The Installation Process
There are two different methods that could be used for your home window installation project: pocket window installation and full-frame window installation. During the preparation process, when your window company sent a technician to measure the window openings and check for any issues that will need to be dealt with during installation, a pocket window installation may have been discussed. This process involves leaving the existing window frames in place and a new window is inserted. This technique, which can save considerable money, is sometimes used when a home is newer and in excellent condition or when a historical home is being restored. One of the downsides of a pocket installation is loss of glass area, which can be significant depending on the window manufacturer that you choose.
For a full-frame window installation, the technicians will remove the existing window and the entire frame. Once the replacement window has been secured in place and is level and operating smoothly, the installers will ensure that all gaps around the window are filled with insulating foam and that the perimeter around the frame is caulked and sealed.
Whether you’re having a full-frame or pocket window installation, it’s crucial that your installers are experienced and, preferably, factory trained. The finest replacement windows will only provide the protection and energy efficiency they’re supposed to when they’re installed properly, so you might want to choose a window company that uses full-time employees for its installations—not subcontractors.

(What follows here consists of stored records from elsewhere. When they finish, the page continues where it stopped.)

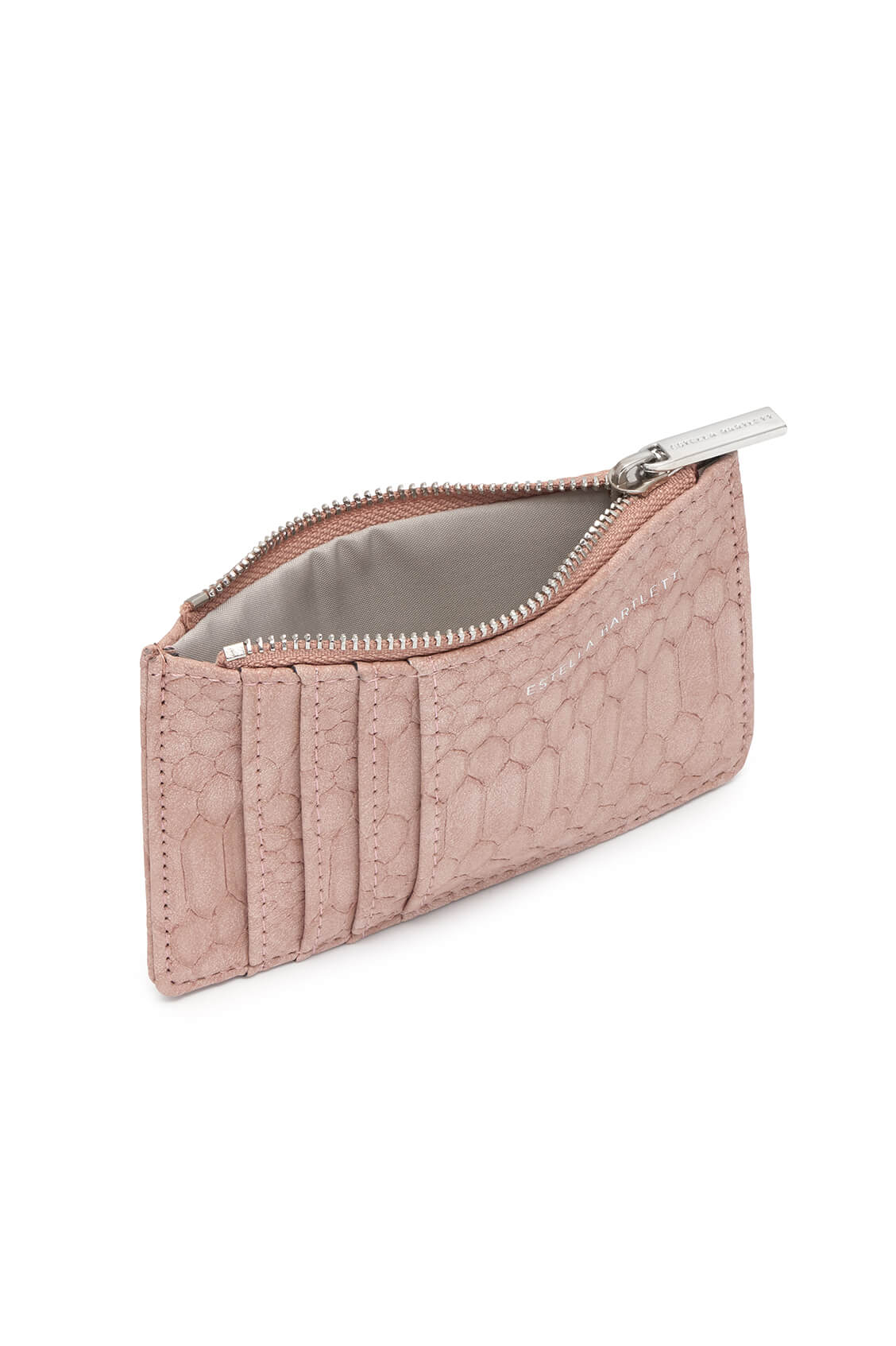 Rectangle Card Purse - Image 6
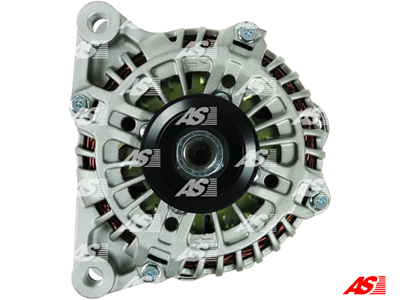 A5374S AS-PL - 1.ALTERNATOR — zdjęcie 1 z 7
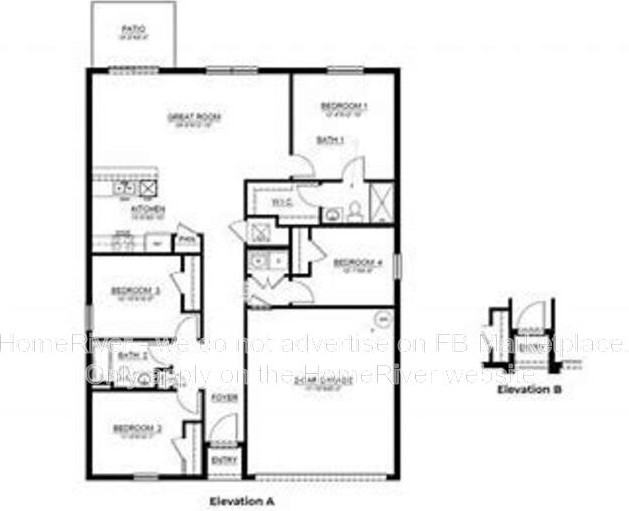 34010 Sorrel Mint Dr - Photo 7 of 7
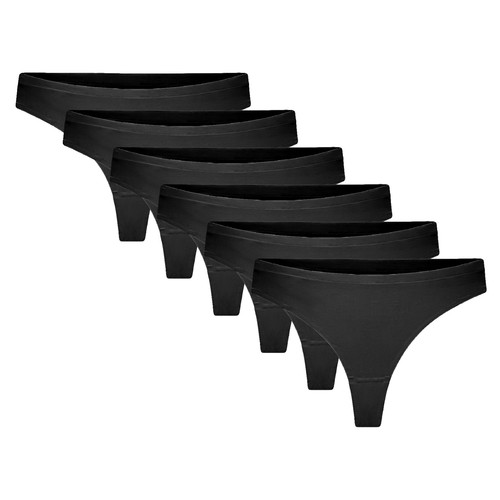 Damenslips string tanga - damenslips,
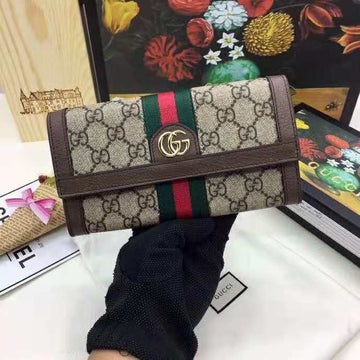 VS Luxury - GCI Bags - 730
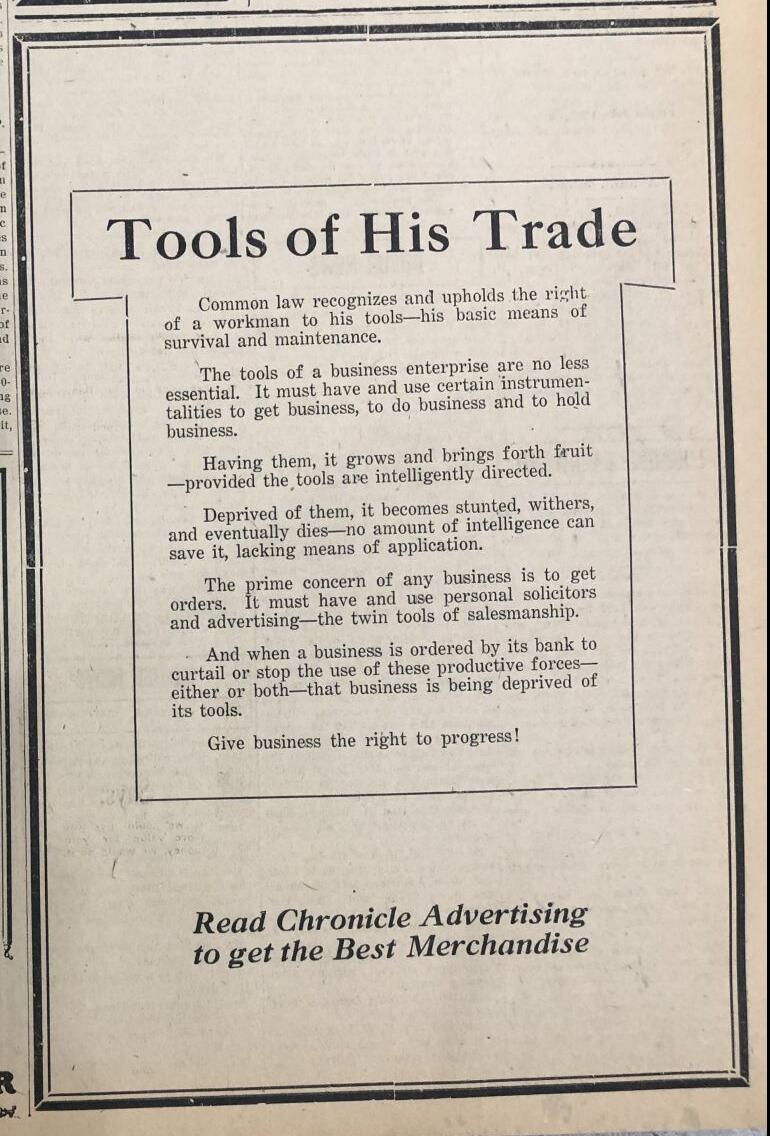 advertisement.jpg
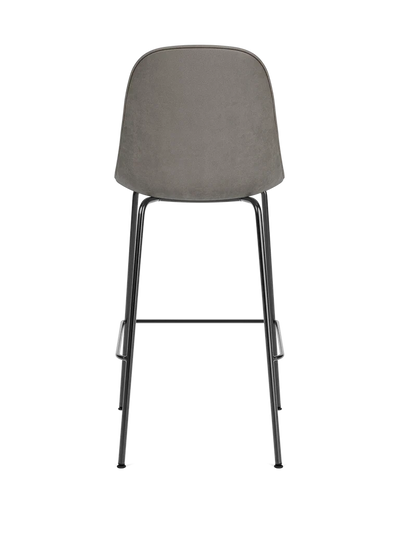 product image for Harbour Side Bar Chair Audo Copenhagen 71097 005002 8 43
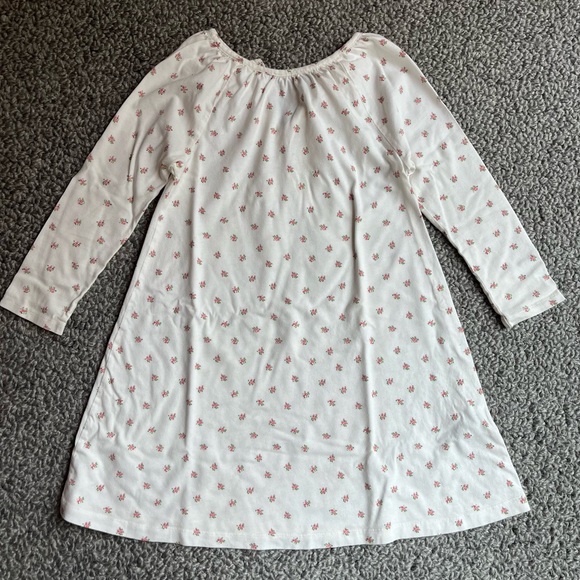 Bonpoint Other - Bonpoint nightgown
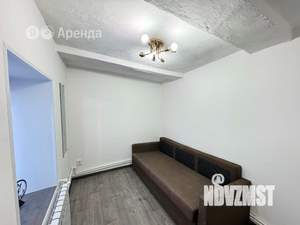 3-к квартира, на длительный срок, 43м2, 1/2 этаж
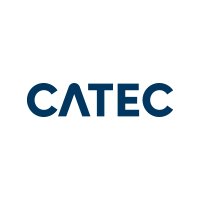 CATEC (@catectechcenter) 's Twitter Profile Photo CATEC (@catectechcenter) 's Twitter Profile Photo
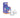 Lansinoh Baby Bottle Nipple - Natural Feeding, Medium Flow Rate, Pack of 2 Lansinoh Baby Bottle Nipple - Natural Feeding Lansinoh Natural Biberon Emziği, Baby Bottle Nipple, Medium Flow Nipple, Natural Feeding, Baby Feeding Accessories, Lansinoh, Baby Feeding, Bottle Nipple, Natural Baby Products, Parenting Essentials
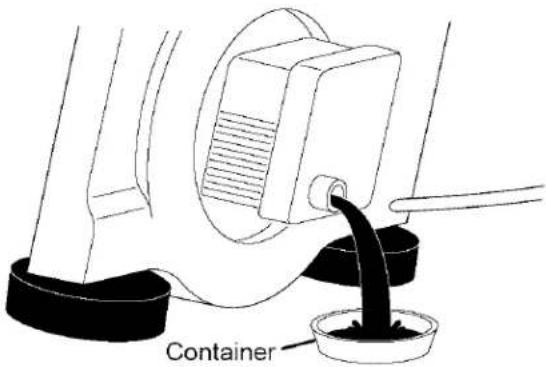 Container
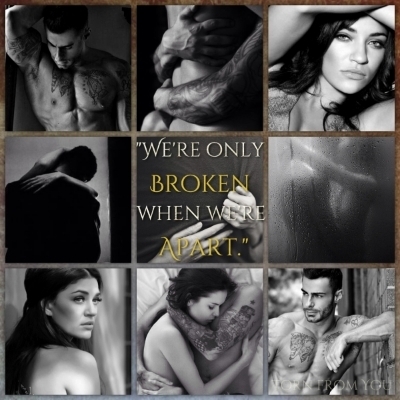  photo 7036afb6-c589-4c82-b4b1-2190b7dd09af_zps2fafd202.jpg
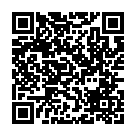 QRCode for audio
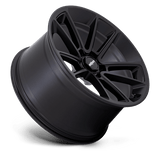 Rotiform - R194 BTL | 21X11 / 55 Offset / 5X130 Bolt Pattern | R194211163+55
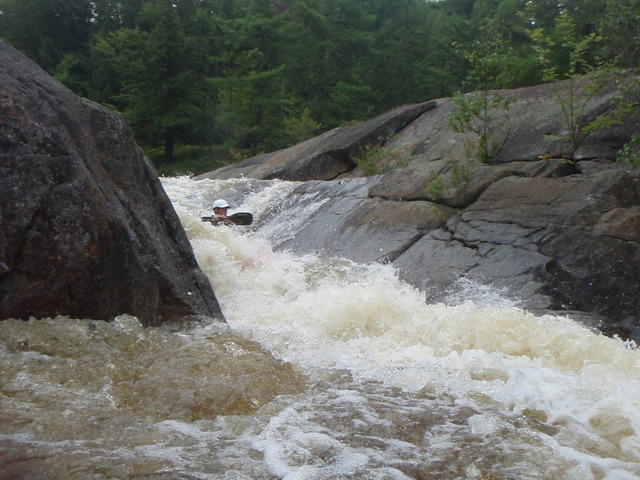 P9030152.JPG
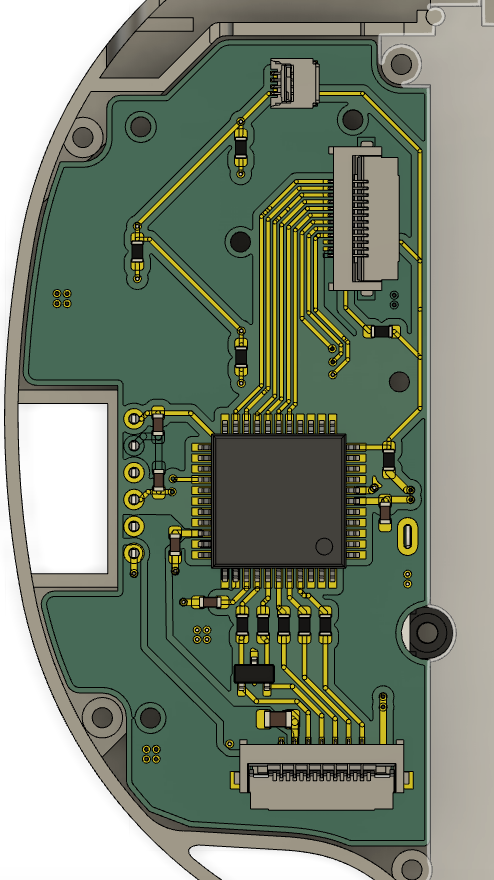 Screen Shot 2024-11-11 at 8.49.40 PM.png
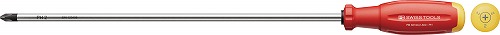 PB SWISS TOOLS38190.2-300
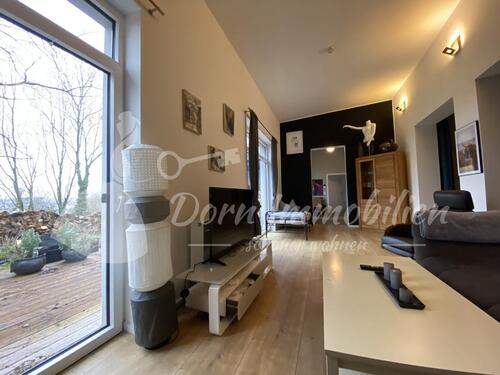 Foto - 2 Zimmer Etagenwohnung zur Miete in Glauchau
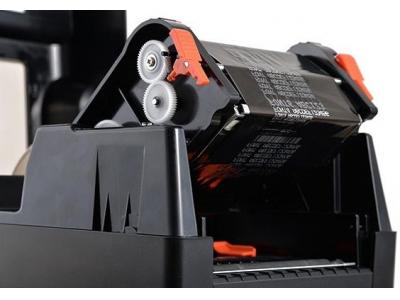 چاپگر بارکد برای دفتر پیشخوان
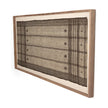Bhujodi Textile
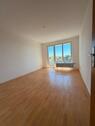 Foto - 4 Zimmer Etagenwohnung in Raguhn-Jeßnitz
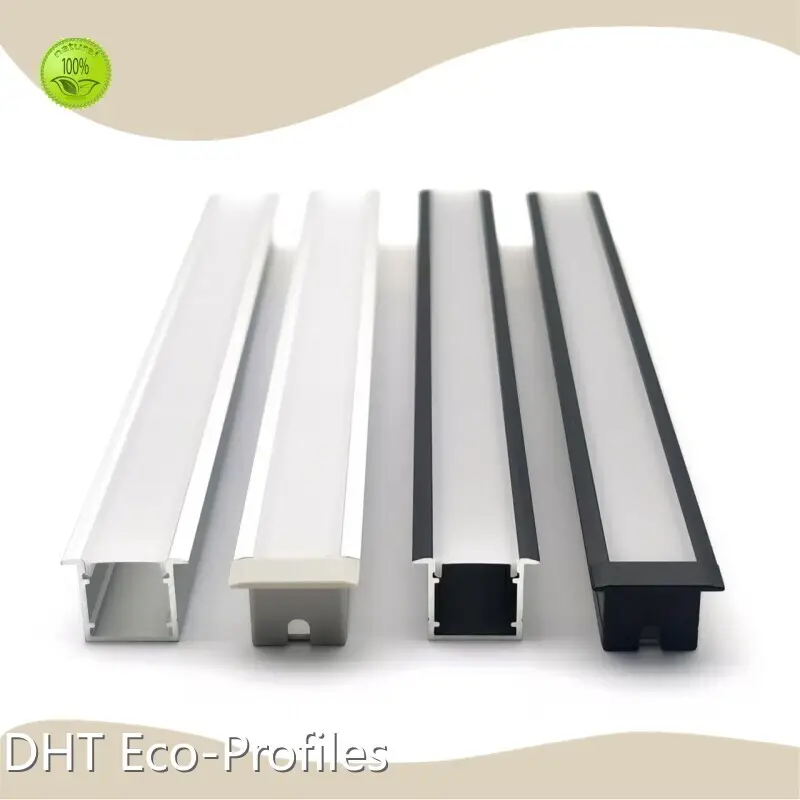 Linear Lighting Solutions Linear Lamp Kit Wholesale - DHT-ECO 1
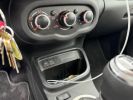 Renault Twingo 0.9 TCe - 95 III BERLINE Zen PHASE 2 BLEU CLAIR  - 7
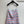 CC Tweed Skirt Blue Pink Lanie Wool Polyamide 251953
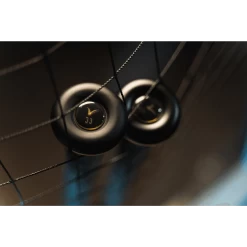 Victus Vandal Gold 2.0 BBCOR (-3) Baseball Bat: VCBV2 -Baseball Equipment Shop VCBV2 5 90181.1631031451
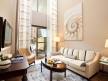 Отель Kaya Palazzo Golf Resort 5*,  - фото 7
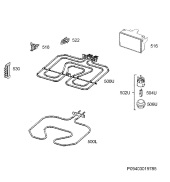 Electrical equipment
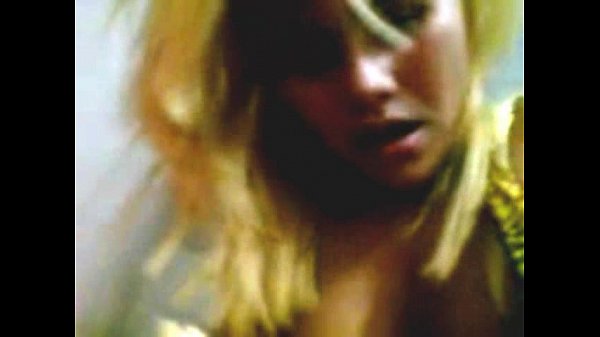 Tatiana Funkeira Giving Ass
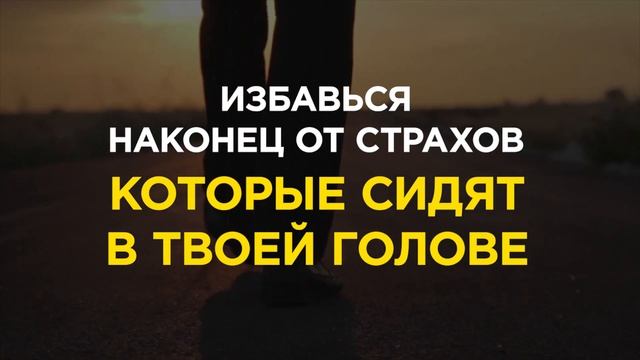 Бизнес на субаренде смотреть онлайн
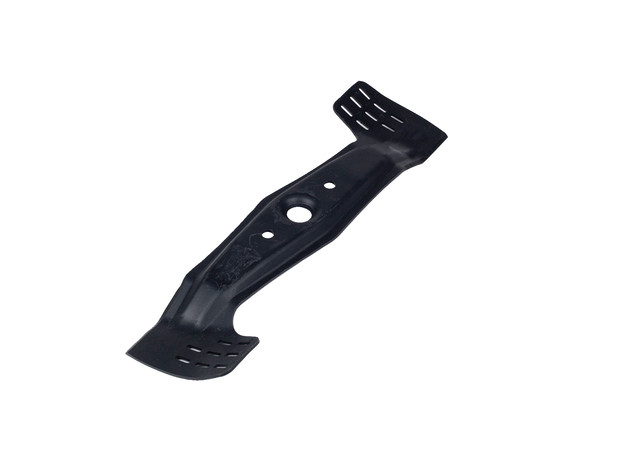 Flügelmesser 420 mm ersetzt HONDA 72511-VG8-A50 - 1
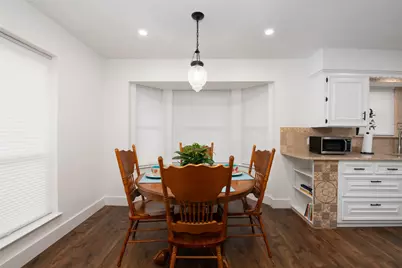 1421 Strawberry Circle, Irving, TX 75060 - Photo 15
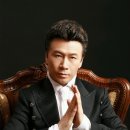준미디어박스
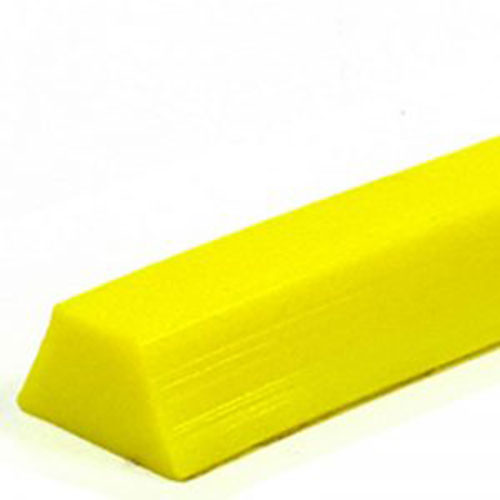 Other conveyor accessories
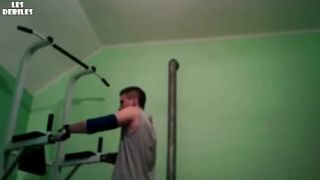 Precenil sa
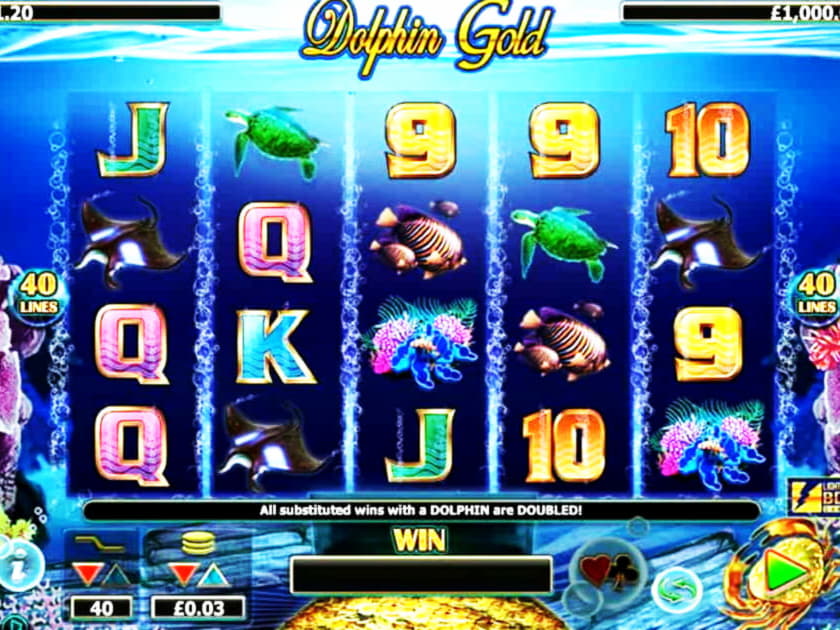 $66 FREE CASINO CHIP at Come On Casino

What Do Replacement Windows Cost?
There are many factors that can affect the cost of your new replacement windows. Some manufacturers offer you the ability to customize your windows to make them more uniquely you. Obviously, colors, blinds between the glass, and other custom-crafted options can add to the cost of your project.”
Size and type are other factors to consider when determining the price of your replacement windows. A floor-to-ceiling picture window is going to be pricier than a small double-hung window, and custom geometric shapes that require a lot of wasted glass and vinyl extrusions will run you more than standard windows.
Make Your Replacement Windows More Affordable
A window replacement project can be one of the priciest home improvement undertakings, especially if your home is larger and you’ve chosen a wide array of window styles. Fortunately, most window contractors offer financing plans that can help make the project more affordable. This allows you flexibility to determine the best way to spread out your window replacement costs. Options include paying for the entire project up front or paying a portion out of pocket and financing the rest. Some homeowners even determine that the most affordable window replacement payment option is to finance in the short term but pay off the loan sooner than needed.
Most financing plans require no upfront fees and feature low monthly minimum payments. Some also include deferred payment options, so you don’t have to start paying for your new windows until several months down the road.
What Is the Return on Investment for Replacement Windows?
Will replacing old and inefficient windows increase the value of your home? The answer is most definitely yes! According to Remodeling Magazine, vinyl replacement window installation is one of the best home improvement projects to consider in terms of cost vs. value. Nationwide, it’s estimated that homeowners will recoup more than 72% of their investment in vinyl windows if they decide to sell their home. That’s because attractive new windows are sure to improve the curb appeal of any home.
Another important benefit is the savings you’ll see on your monthly energy bills. Energy-efficient vinyl replacement windows that eliminate air drafts and reduce heat transfer will make it easier for your HVAC system to maintain a comfortable temperature inside your home. This may not only increase the lifespan of your heating/cooling system but also lead to a savings on your energy costs.